By contrast to pilus expression, the presence of Opa protein was not a contributory factor to cytokine attenuation in the FT epithelium itself. However, it has been shown with human dendritic cells that Opa proteins can modulate innate and adaptive immune responses, by directly suppressing T-cell receptor signaling through engagement of coinhibitory CD66a/CEACAM1 receptor, thereby raising the threshold for CD4+ T cell activation and proliferation to activating stimuli [36, 37] and interfering with antibody production by promoting human B-cell death [38]. Thus, Opa expression may play an indirect role in inhibiting innate recognition during FT infection by targeting the function of patrolling submucosal dendritic cells.
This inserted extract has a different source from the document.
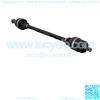 Heavy Duty Rhino Brand Rear Axle for Polaris Ranger XP 900 / Crew (See Fitment) - 1 Rear Axle - Made of 4340 Chromoly Steel - Synthetic Grease to Keep CV's Cool - Maximized CV and Shaft Size - Image 3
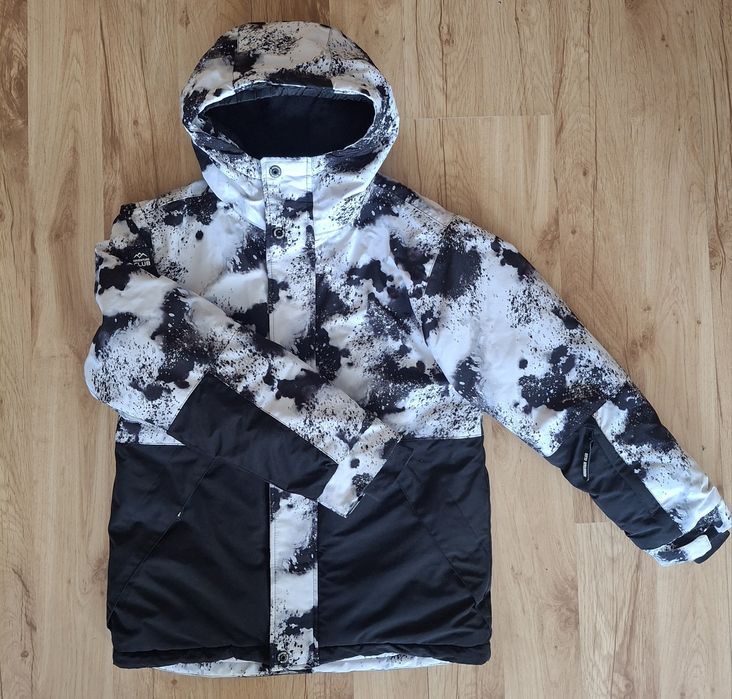 Kurtka zimowa/ narciarska dla chlopca 140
In summary, our data suggest a modulatory role for gonococcal pili during infection of the human tubal mucosa. Expression of pilus enhances the initial rapid attachment of the gonococcus to the Fallopian tube mucosal epithelium but significantly attenuates the local production of several inflammatory mediators. Although phase variation of pilus and opa expression in the upper reproductive tract is likely to be a dynamic process during interactions with the host, it is likely that the Pil− phenotype is probably present at a lower percentage of the gonococcal population. Switching off pilus expression would not be beneficial to the gonococcus in that an excess inflammatory response contributory to LOS-mediated stimulation could result. Thus, a consequence of limiting the innate response of the epithelium is to reduce immune effector cell recruitment to the site of infection. This would add to the mechanisms that could allow repeated gonococcal infections in the same individual without ever generating protective immunity.